Das Projekt ist den flämischen Handschriften der Österreichischen Nationalbibliothek gewidmet und nimmt damit eine der bedeutendsten Sammlungen dieser Spitzenwerke der Buchmalerei in den Blick. Einen Schwerpunkt bildet die vor allem aus Stundenbüchern und einigen Musikhandschriften bestehende Gruppe, deren Ausstattung unter dem Terminus "Gent-Brügger Schule" subsumiert wird. Damit wird eine Periode der Buchmalerei bezeichnet, in der diese Kunst einen ihrer Höhepunkte erreichte und Flandern für mehrere Jahrzehnte die Führung in Europa übernahm. In dieser Zeitspanne legte man in allen kulturellen Zentren Europas größten Wert darauf, in Flandern illuminierte Handschriften zu besitzen. Dies galt nicht nur für die Höfe der Habsburger in Wien, Innsbruck und Madrid, die durch ihre dynastischen Verbindungen besonders enge Kontakte mit den Niederlanden pflegten, sondern auch für die italienischen Fürstenhöfe oder den englischen Königshof. Ein weiterer bedeutender Teil des Bestandes sind die beiden in Wien verwahrten Prachtcodices Joris Hoefnagels, eines der hervorragendsten Künstler des ausgehenden 16. Jahrhunderts, gleichzeitig der letzte Buchmaler überhaupt, der mit seinem Œuvre dem am Ende seiner Geschichte angelangten Genre nochmals einen letzten, fulminanten Höhepunkt bescherte: Das im Auftrag Erzherzog Ferdinands von Tirol für seinen Sohn Kardinal Andreas von Österreich hergestellte Missale Romanum (Cod. 1784) enthält mehr als 500 reich geschmückte Seiten, auf denen Hoefnagel alle Facetten seiner Kunst vorführt: emblematische Darstellungen, Naturstudien, christologische Szenen, meist in komplizierte manieristische Rahmenkompositionen inkorporiert.

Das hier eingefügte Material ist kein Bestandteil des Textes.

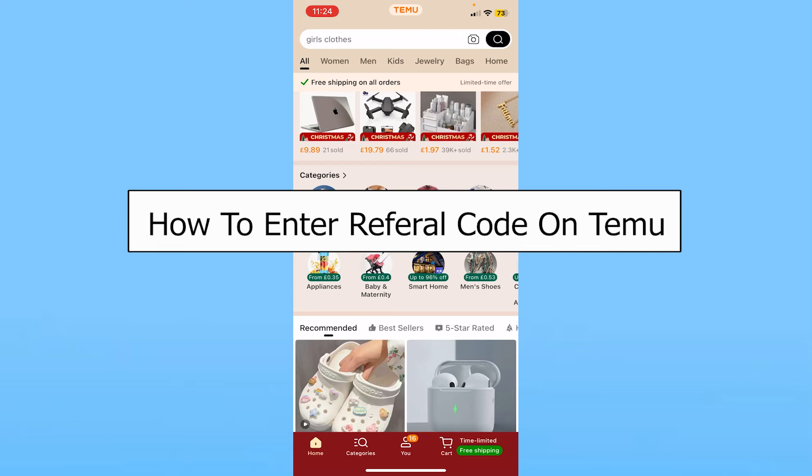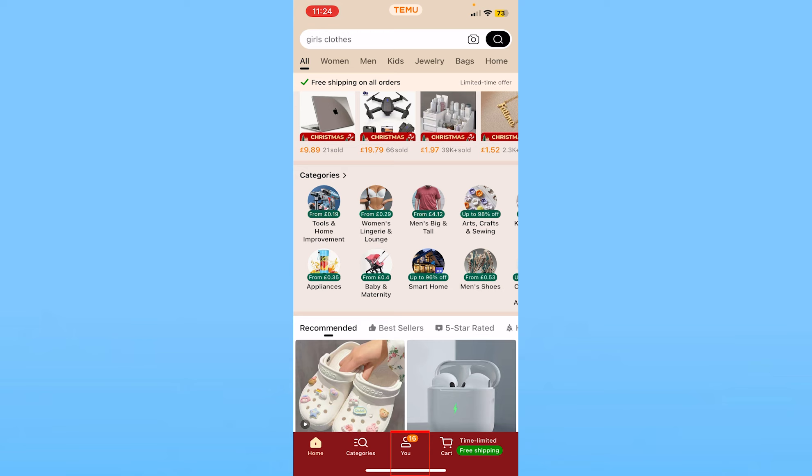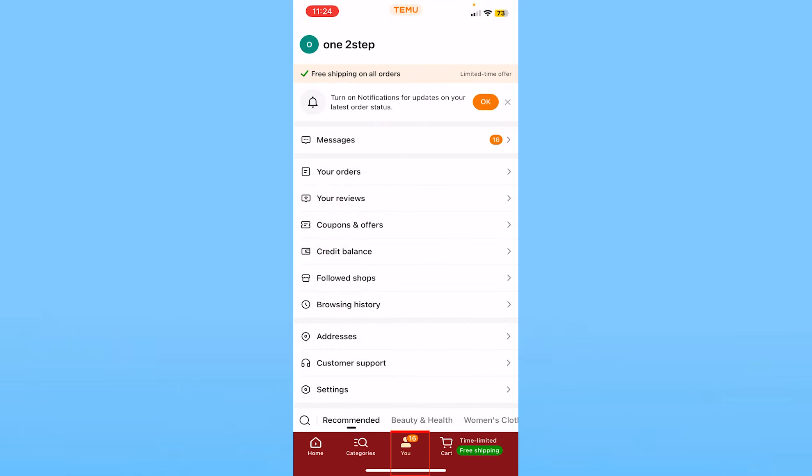Today I'll be teaching you how to enter a referral code on Temu. It's pretty simple. You want to click on 'You' at the bottom of your screen, which is in the middle.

Nicht weniger beeindruckend hinsichtlich des Umfangs der künstlerischen Leistung sind die sogenannten Croy-Alben, 15 von insgesamt 25 erhaltenen Bänden eines monumentalen topographischen Sammelwerkes mit insgesamt fast zweieinhalbtausend Ansichten. Diesen zahlenmäßig dominanten Arbeiten sind eine Reihe interessanter Einzelhandschriften an die Seite zu stellen, darunter Werke literarischer und historischer Natur, die ebenfalls reich mit bildlichem und dekorativem Schmuck versehen wurden.